INSTRUCTIONS FOR THE TASK:
What you return must be the full data, repeated verbatim, with no pictures in it.

PROVIDED MATERIAL:
----------------
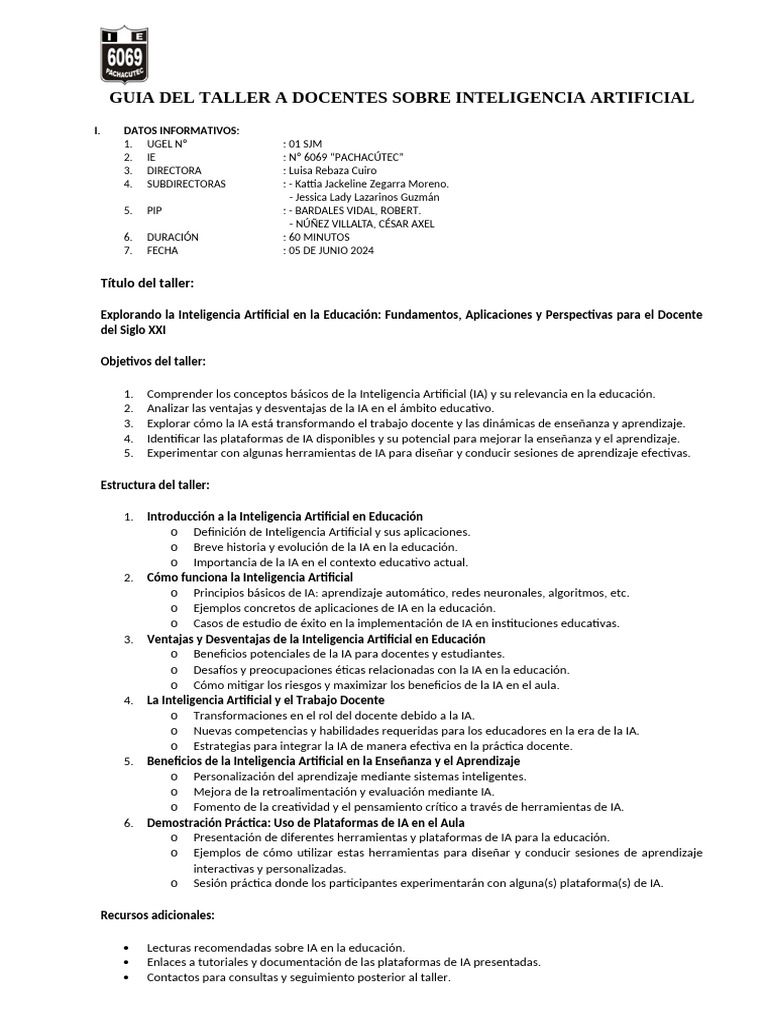 Taller sobre IA en Educación para Docentes | PDF | Inteligencia ...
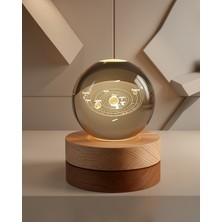 Ecruz LED Kristal Küre Gezegen Temalı 15 cm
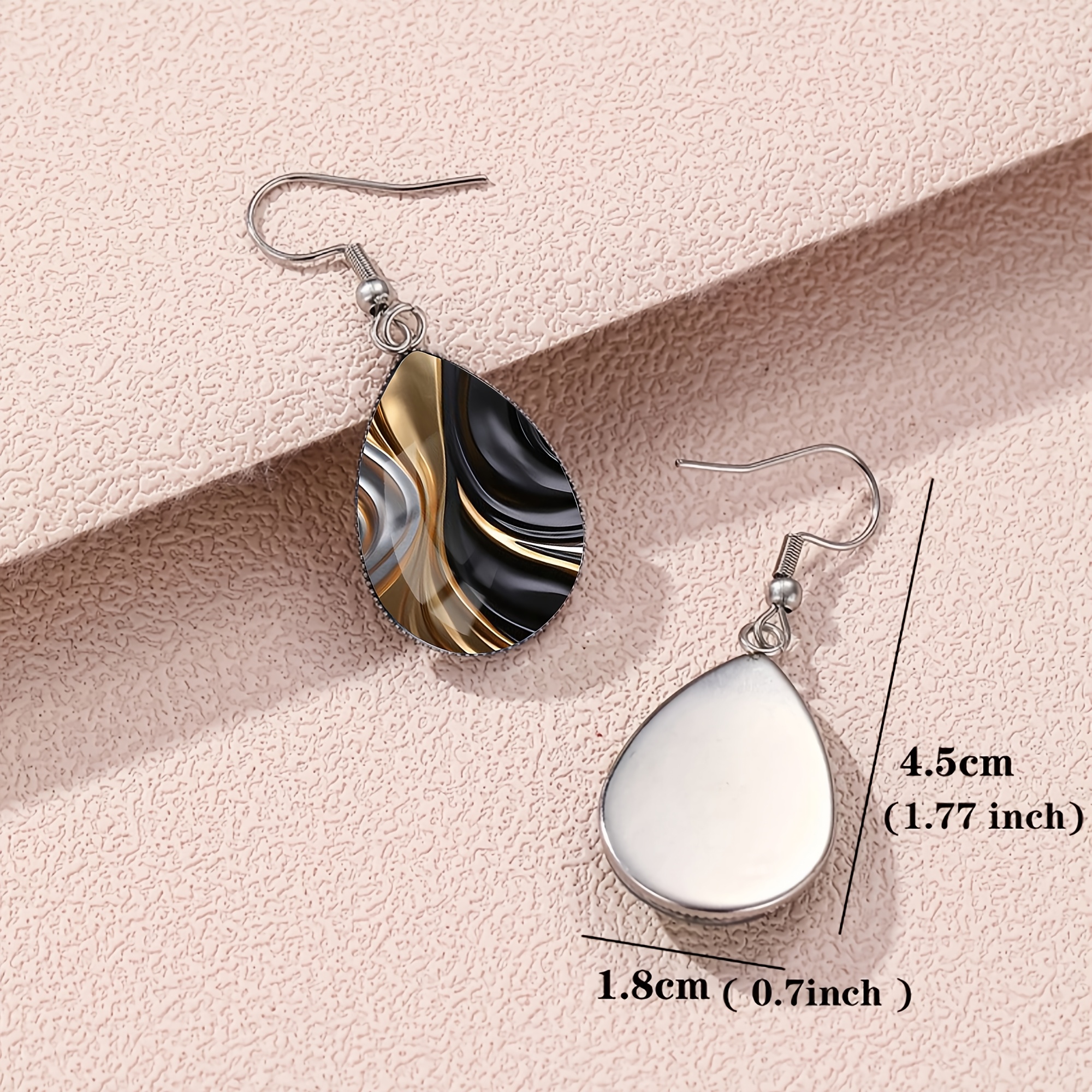 Unisex Black Golden Fluid Pattern Teardrop Earrings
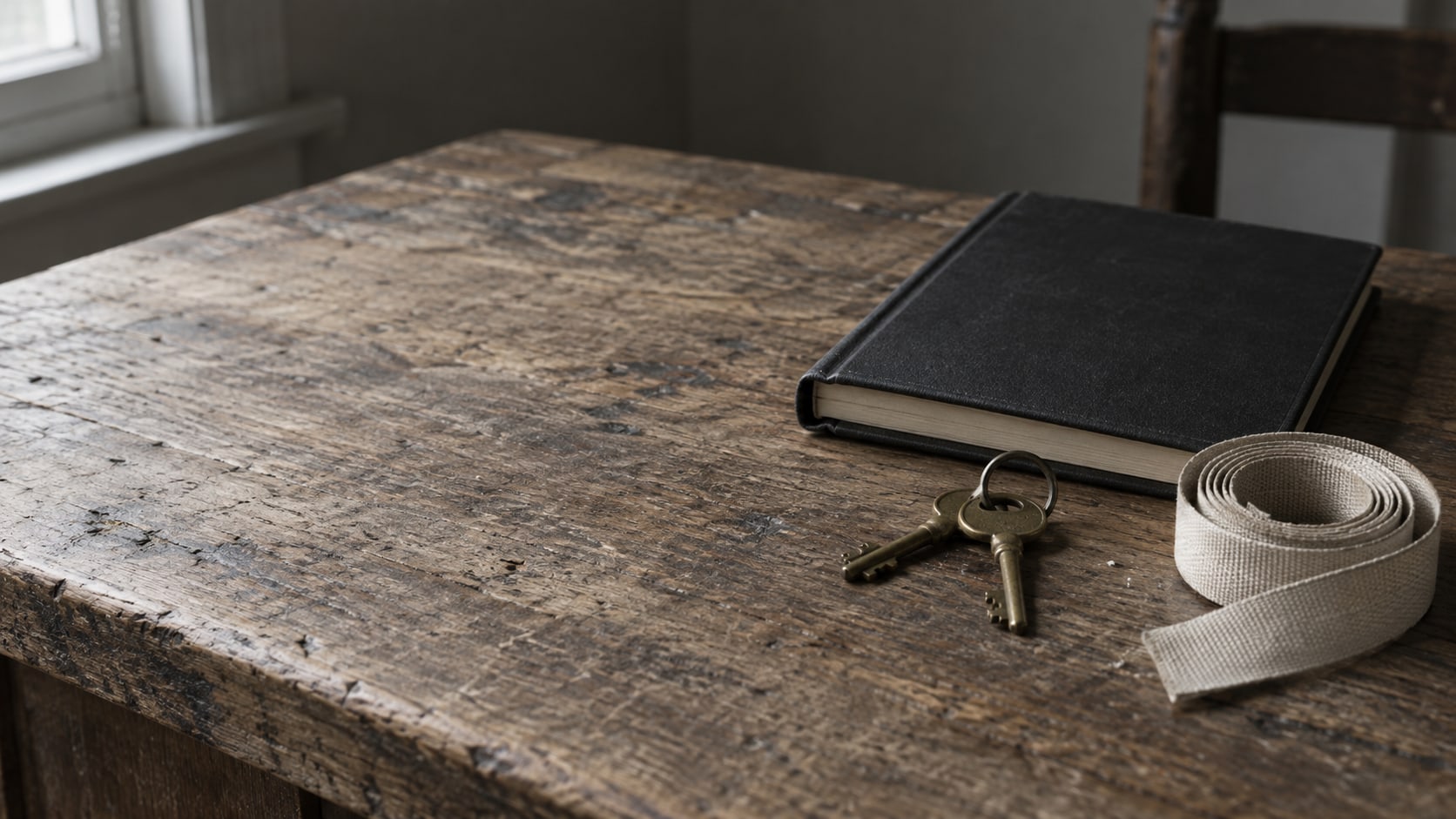 A pair of brass keys, a closed appointment book and a coil of measuring tape on a worn wooden counter.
----------------
EXPECTED ANSWER:
 Taller sobre IA en Educación para Docentes | PDF | Inteligencia ...
 Ecruz LED Kristal Küre Gezegen Temalı 15 cm
 Unisex Black Golden Fluid Pattern Teardrop Earrings
 A pair of brass keys, a closed appointment book and a coil of measuring tape on a worn wooden counter.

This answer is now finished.